Assessment of post-fire changes in land surface temperature and surface albedo, and their relation with fire–burn severity using multitemporal MODIS imagery

Sander Veraverbeke A B F , Willem W. Verstraeten C D , Stefaan Lhermitte C E , Ruben Van De Kerchove A and Rudi Goossens A
+ Author Affiliations
- Author Affiliations

A Department of Geography, Ghent University, Krijgslaan 281 S8, BE-9000 Ghent, Belgium.

B Jet Propulsion Laboratory, California Institute of Technology, 4800 Oak Grove Drive, Pasadena, CA 91109, USA.

C Royal Netherlands Meteorological Institute, PO Box 201, NL-3730 AE, De Bilt, the Netherlands.

D Fluid Dynamics Department, Eindhoven University of Technology, Postbus 513, NL-5600, the Netherlands.

E Centro de Estudios Avanzados en Zonas Aridas, Universidad de la Serena, La Serena, Chile.

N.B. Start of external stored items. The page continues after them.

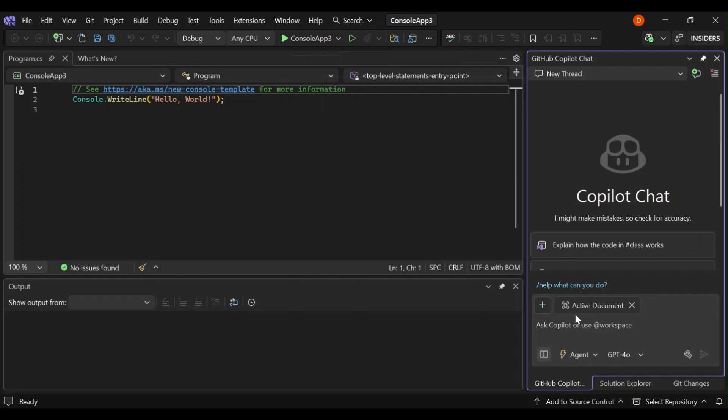So here, let's type create a simple calculator app.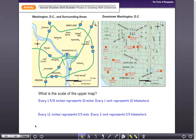The scale of the upper map: every one and five-eighths inches represents 10 miles, and every one inch represents 10 kilometers. On the other map to the right, every one and a quarter inch represents a half mile, and every three-fourths inch represents a half kilometer. One is in metric and one is in standard — miles versus kilometers — and that's something to think about.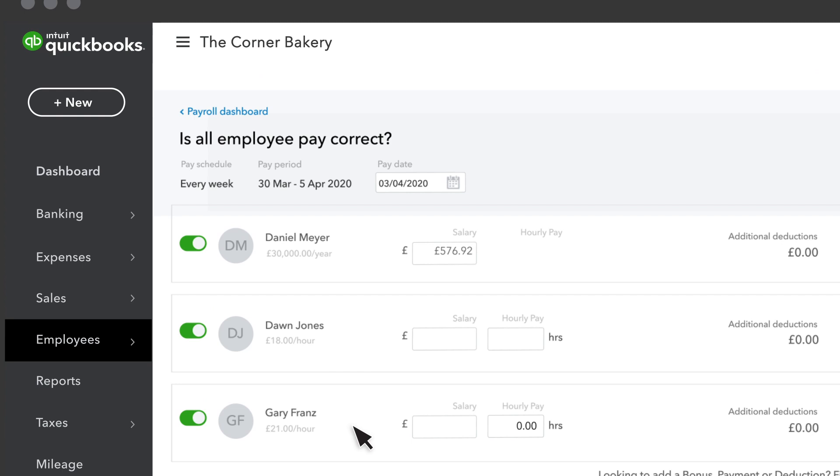Next, you'll see all the employees in this payroll. To leave someone out from this payroll, just uncheck their name using the toggle switch.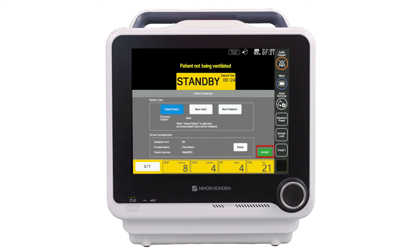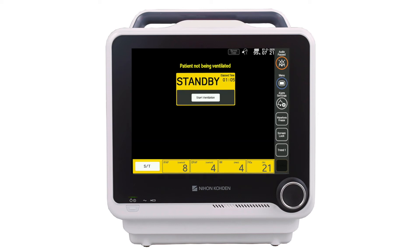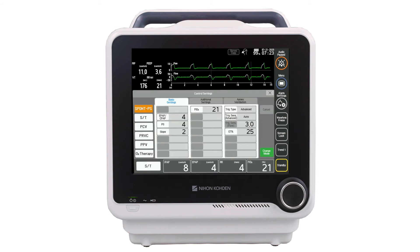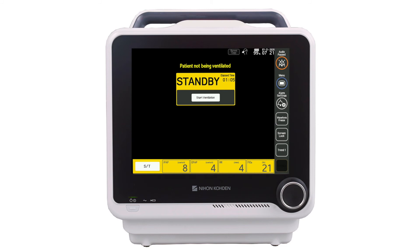Press Accept to go to the circuit check and calibrations window. This window displays the current calibration status and allows the clinician to perform calibrations when needed. Press X to go to the standby screen. Prior to starting ventilation, clinicians can pre-select the mode and ventilation control settings and alarm limits. When ready to begin ventilation, press the start ventilation button.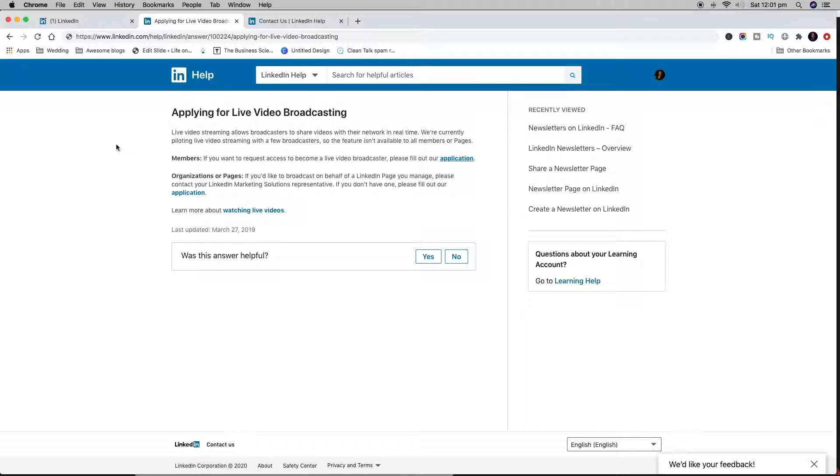G'day everyone, Lauren Kress, the business scientist here. I get asked heaps of questions about how do I turn my LinkedIn Live on? Where's the LinkedIn Live function? How come you can broadcast on LinkedIn Live and I can't?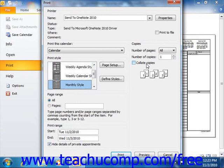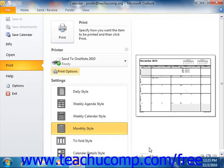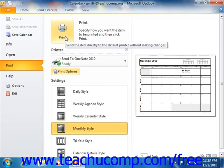If using Outlook 2010, you can then click the Preview button to return to the Backstage view, where you can preview the printout and then click the large Print button shown to print the calendar. If using Outlook 2007, click the OK button in the Print dialog box to print the calendar. You can also click the Preview button within the Print dialog box to view it in Print Preview in Outlook 2007 before printing the information.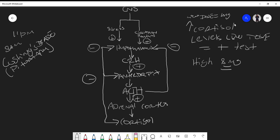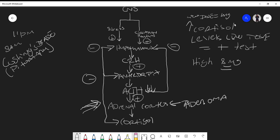Now let's look at another scenario — an adrenal adenoma from the adrenal cortex — and what the response would be with the eight milligram dexamethasone suppression test. Eight milligrams travels to the anterior pituitary and hypothalamus, negative feedback decreases CRH and ACTH, but because the adenoma is in the adrenal cortex, the eight milligram dexamethasone has no effect on the adrenal cortex directly, so cortisol levels will still remain high.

F Corresponding author. Email: sander.s.veraverbeke@jpl.nasa.gov

International Journal of Wildland Fire 21(3) 243-256 https://doi.org/10.1071/WF10075
Submitted: 14 July 2010  Accepted: 6 August 2011   Published: 3 January 2012

Abstract

This study evaluates the effects of the large 2007 Peloponnese (Greece) wildfires on changes in broadband surface albedo (α), daytime land surface temperature (LSTd) and night-time LST (LSTn) using a 2-year post-fire time series of Moderate Resolution Imaging Spectroradiometer satellite data. In addition, it assesses the potential of remotely sensed α and LST as indicators for fire–burn severity. Immediately after the fire event, mean α dropped up to 0.039 (standard deviation = 0.012) (P < 0.001), mean LSTd increased up to 8.4 (3.0) K (P < 0.001), and mean LSTn decreased up to –1.2 (1.5) K (P < 0.001) for high-severity plots (P < 0.001). After this initial alteration, fire-induced changes become clearly smaller and seasonality starts governing the α and LST time series. Compared with the fire-induced changes in α and LST, the post-fire NDVI drop was more persistent in time. This temporal constraint restricts the utility of remotely sensed α and LST as indicators for fire–burn severity. For the times when changes in α and LST were significant, the magnitude of changes was related to fire–burn severity, revealing the importance of vegetation as a regulator of land surface energy fluxes.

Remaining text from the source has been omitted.